All the other kids zoned an hour ahead to 3:15,
but Mrs. Purdy and I wandered lonely as clouds borne
by a breeze off Mount Parnassus. She must have seen
the darkest eyes in the room brim: The next day
she gave me a poem she’d chosen especially for me
to read to the all-except-for-me white class.
She smiled when she told me to read it, smiled harder,
said oh yes I could. She smiled harder and harder
until I stood and opened my mouth to banjo-playing
darkies, pickaninnies, disses and dats. When I finished,
my classmates stared at the floor. We walked silent
to the buses, awed by the power of words.
— from How I Discovered Poetry
HOW I CAME BY MY NAME
Four casks of rum and a bolt of calico.
(A quarter of the list price. A terrific deal,
a steal for the ship’s steward who bought a boy
onboard as two-legged cargo was being loaded
and stowed.) Four casks of rum and a piece of cloth.
(For breath, dreams, heartbeat.) The boy who was Broteer
disappeared. A business venture took his place.
Same face, same eyes, but inside utterly transformed,
harmed past healing by the cheapening of human life.
Breath, dreams, pulse, traded for cloth and alcohol,
were capital. There was profit in the pain,
the chains. Venture. There were whole worlds to gain.
—from The Freedom Business
CLAY
Beauty is the vocation
of the earth.
—William Bryant Logan
God’s breath on a compound of silica,
alumina and various oxides—
primarily iron-gave Adam life.
There is a primal, almost mystical
connection between humankind and clay,
from the footed, bellied first receptacles
to frescoed Renaissance cathedral walls.
To Carver’s eye, the muddy creek banks say
Here to be dug up, strained and painted on,
is loveliness the poorest can afford:
azures, ochres . . . Scraps of discarded board
are landscapes. Cabins undistinguished brown
bloom like slaves freed to struggle toward self-worth.

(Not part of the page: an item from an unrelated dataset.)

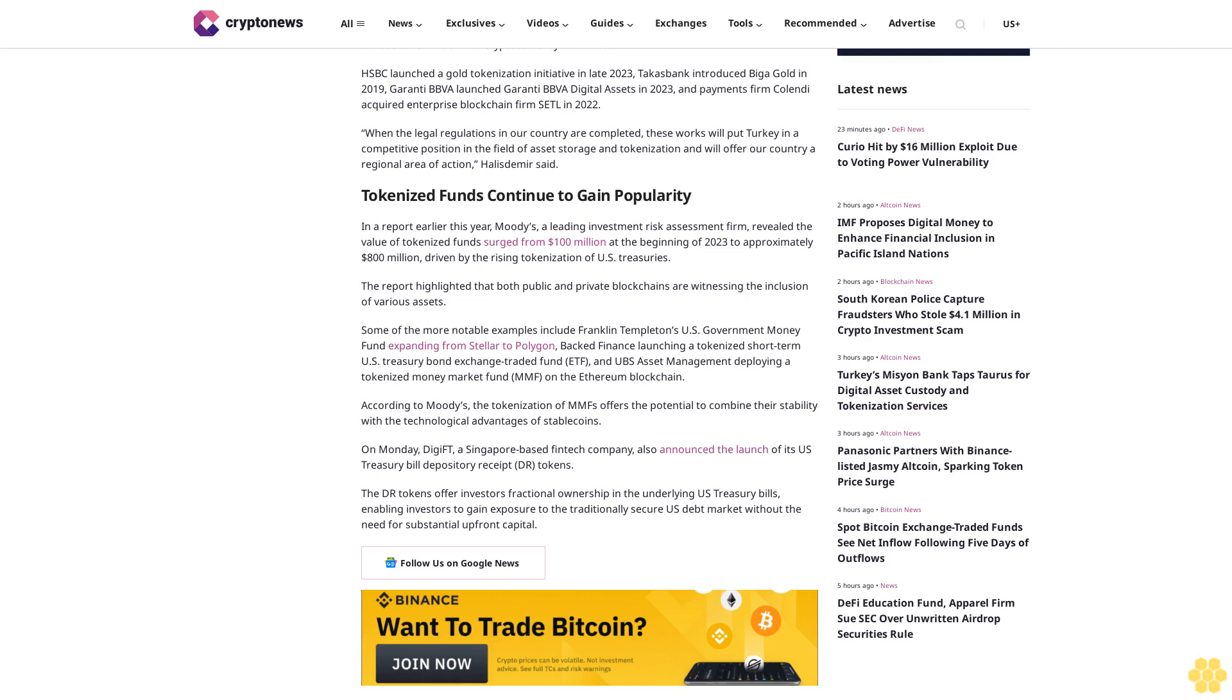The doctor tokens offer investors fractional ownership in the underlying U.S. treasury bills, enabling investors to gain exposure to the traditionally secure U.S. debt market without the need for substantial upfront capital. Follow us on Google News.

Beauty is commonplace, as cheap as dirt.
—from Carver: A Life in Poems
DAUGHTERS, 1900
Five daughters, in the slant light on the porch,
are bickering. The eldest has come home
with new truths she can hardly wait to teach.
She lectures them: the younger daughters search
the sky, elbow each others’ ribs, and groan.
Five daughters, in the slant light on the porch
and blue-sprigged dresses, like a stand of birch
saplings whose leaves are going yellow-brown
with new truths. They can hardly wait to teach,
themselves, to be called “Ma’am,” to march
high-heeled across the hanging bridge to town.
Five daughters. In the slant light on the porch
Pomp lowers his paper for a while, to watch
the beauties he’s begotten with his Ann:
these new truths they can hardly wait to teach.
The eldest sniffs, “A lady doesn’t scratch.”
The third snorts back, “Knock, knock: nobody home.”
The fourth concedes, “Well, maybe not in church. . .”
Five daughters in the slant light on the porch.